Lo milagroso de seguir amándose a los 50
Hace algunos años leí Mi Enemigo Mortal, la tremenda novelita de Willa Cather, esa gran desconocida de la literatura norteamericana, quizás demasiado injustamente eclipsada por Faulkner. Las apenas ochenta páginas del relato, narrado a través de los ojos de una joven del mismo pueblo que los protagonistas, describen la historia de amor entre Myra Driscoll y Oswald Henshawe.
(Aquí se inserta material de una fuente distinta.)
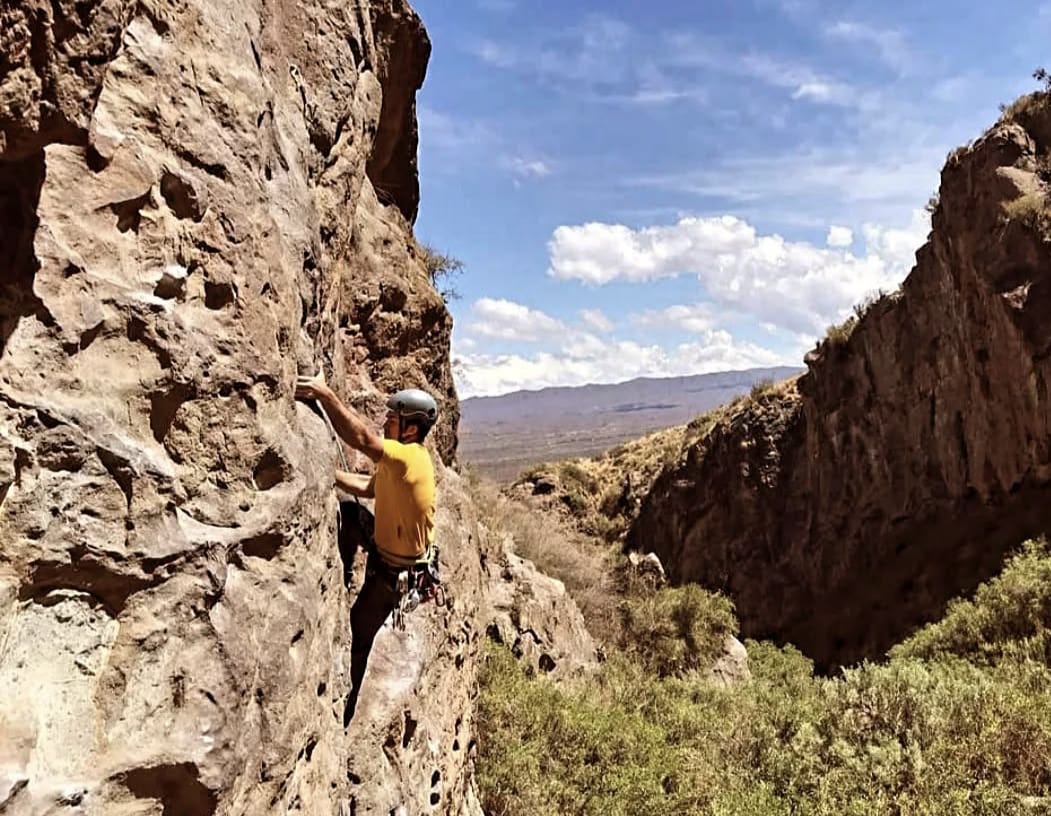 tour rock climbing in mendoza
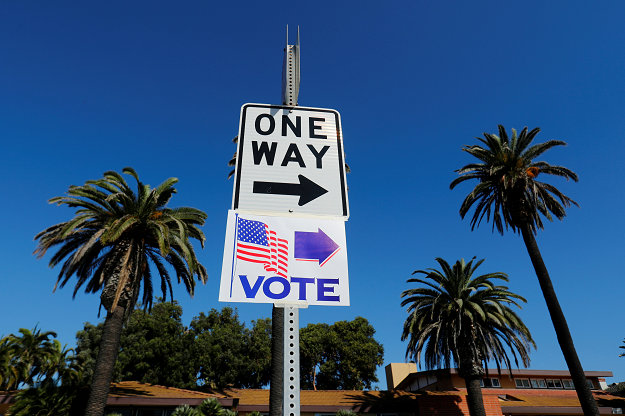  A vote sign points people to a local poling location during midterm elections in Newport Beach. PHOTO: REUTERS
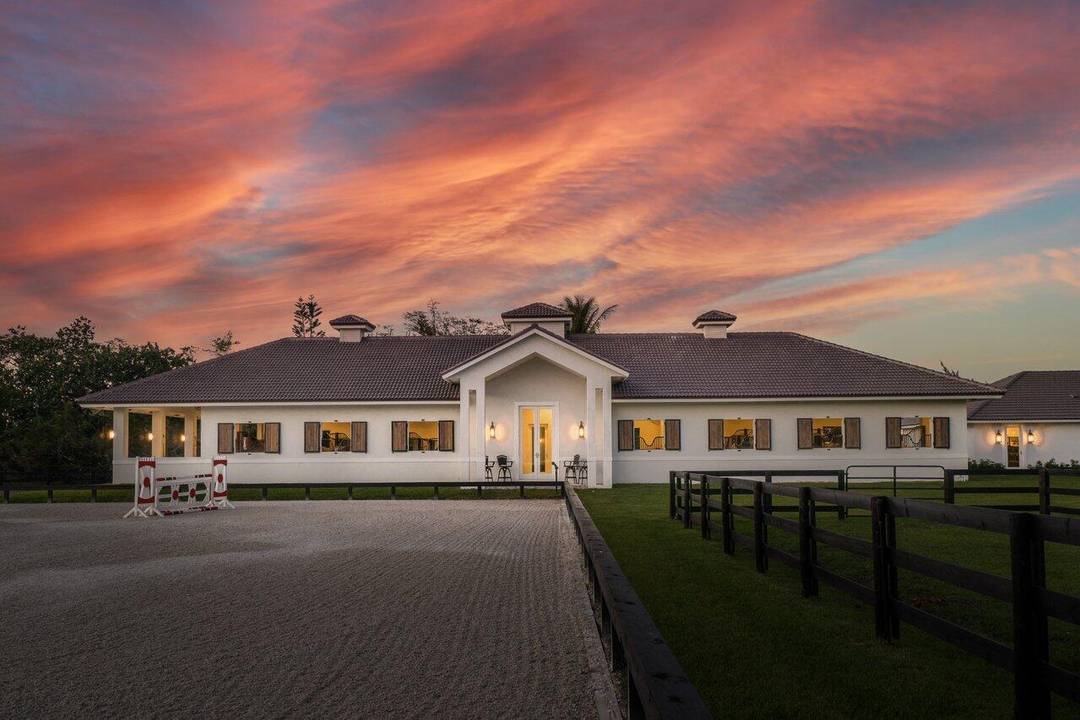 10k for each dry stall, there are 6 availableSpend your 2026 WEF season at this fantastic farm.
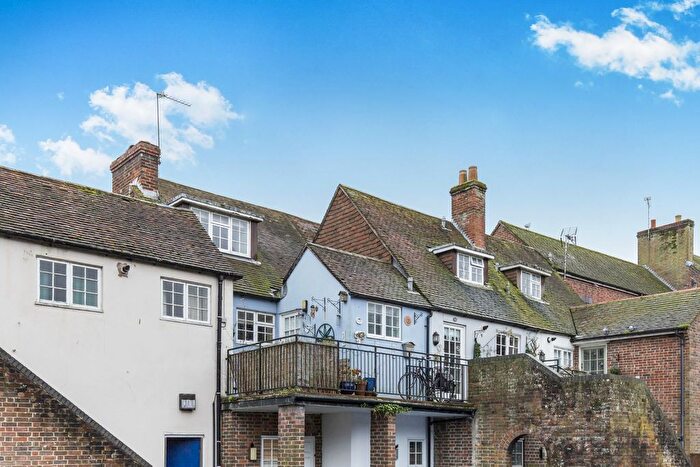 1 Bedroom Flat To Rent In St. Cyriacs, Chichester, PO19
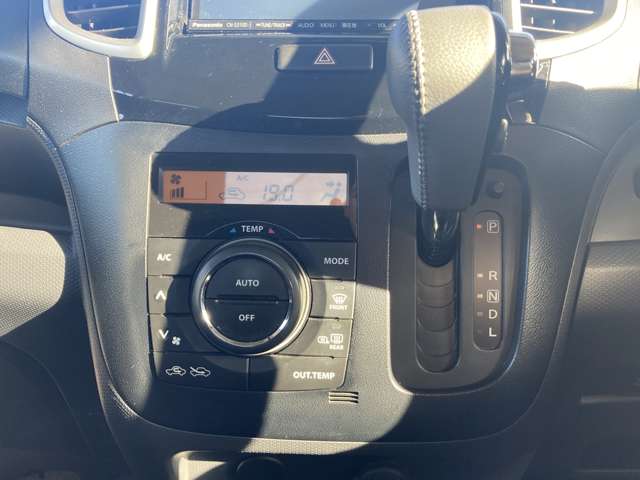 スズキ ソリオ １．２ ブラック＆ホワイトＩＩ－ＤＪＥ ４ＷＤ H26年 (東北) 99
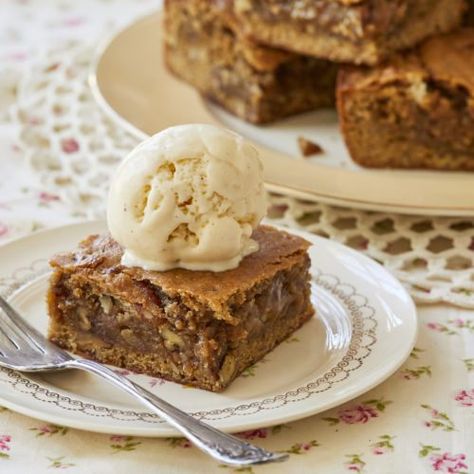 Maple Pecan Blondies - Gemma’s Bigger Bolder Baking Maple Pecan Blondies, Pecan Blondies Recipe, Pecan Blondies, Chewy Brownies Recipe, Brownie Brittle, Blondie Recipe, Bigger Bolder Baking, Homemade Vanilla Extract, Chewy Brownies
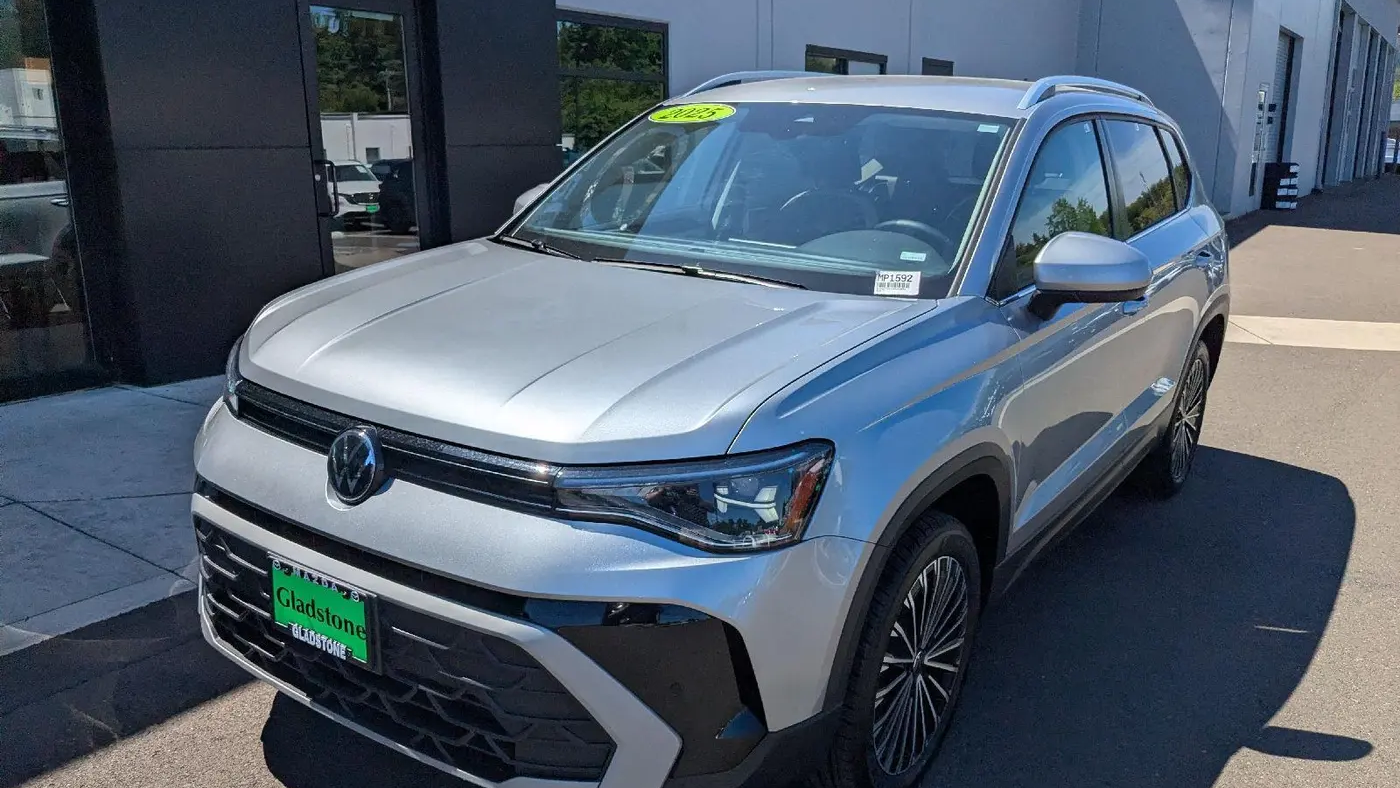 2025 Volkswagen Taos SE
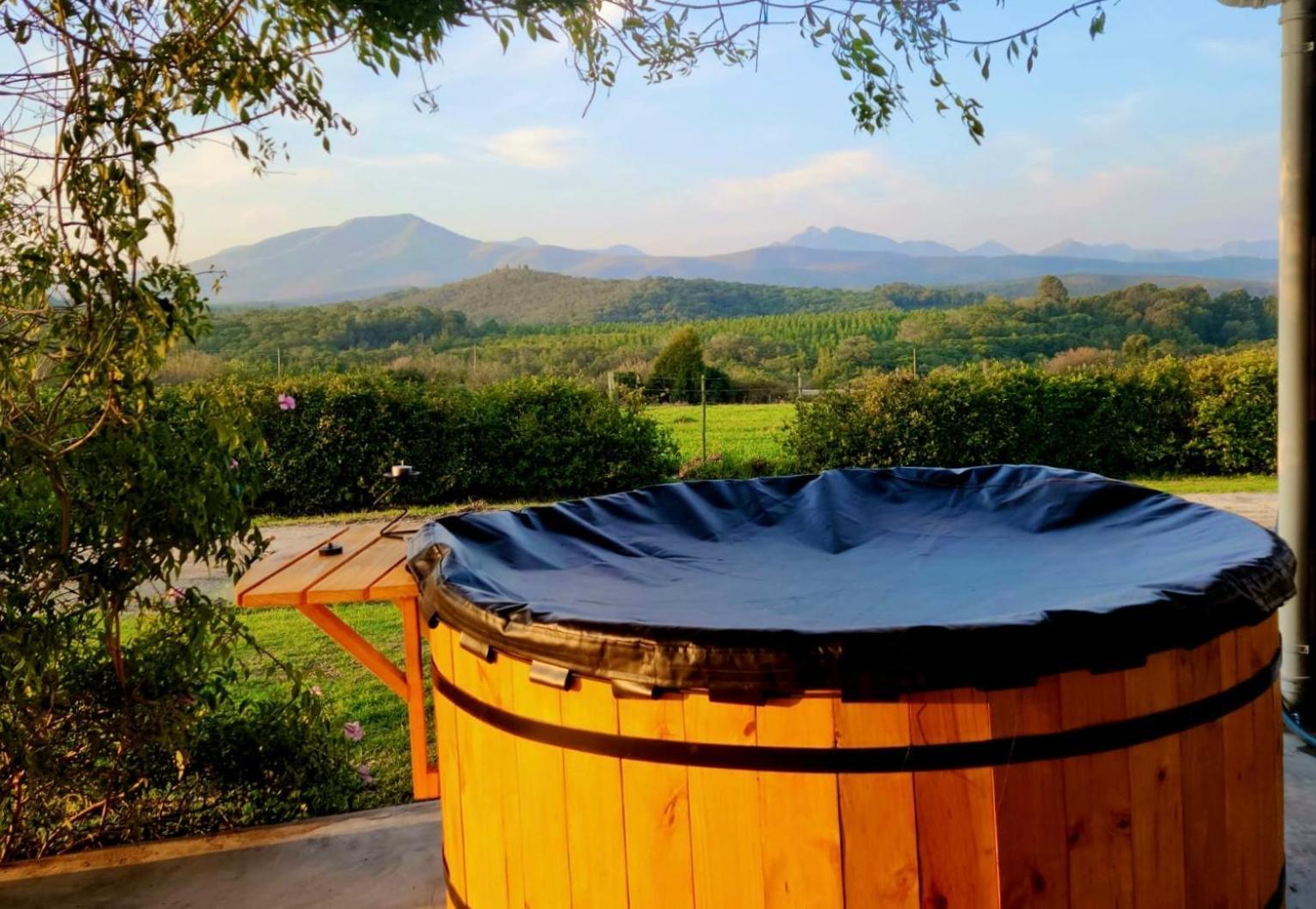 Libertas Guest Farm Farm stay Hoekwil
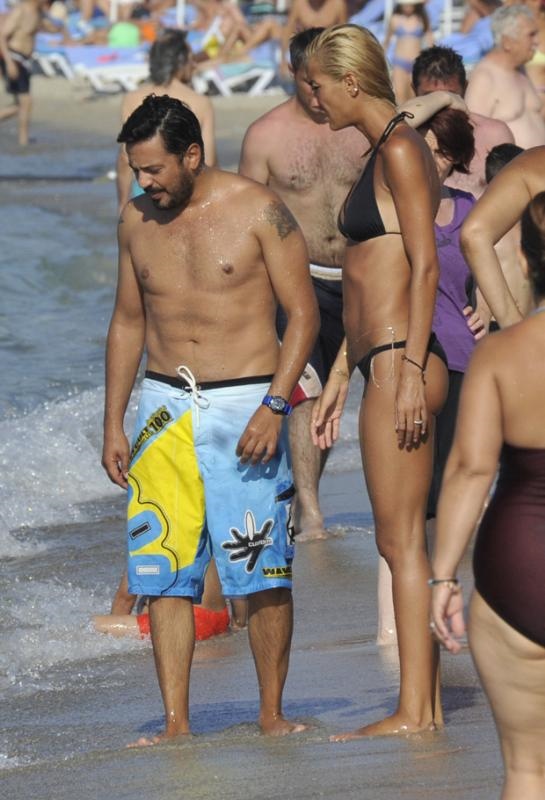 Halk plajının yıldızları; Çağla Şıkel ve Emre Altuğ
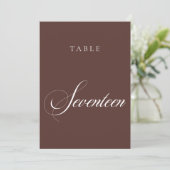 Numéro de table de mariage en calligraphie marron (Debout devant)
Hace algunos años leí Mi Enemigo Mortal, la tremenda novelita de Willa Cather, esa gran desconocida de la literatura norteamericana, quizás demasiado injustamente eclipsada por Faulkner. Las apenas ochenta páginas del relato, narrado a través de los ojos de una joven del mismo pueblo que los protagonistas, describen la historia de amor entre Myra Driscoll y Oswald Henshawe. Myra, sobrina-nieta del señor Driscoll, un ricachón de Parthya (Illinois), decidió en su juventud casarse con Oswald, el hombre a quien amaba. Myra, consciente de que esa decisión le habría acarreado la pérdida de su herencia, optó por fugarse y coger un tren hacia Nueva York, hacia el amanecer del amor.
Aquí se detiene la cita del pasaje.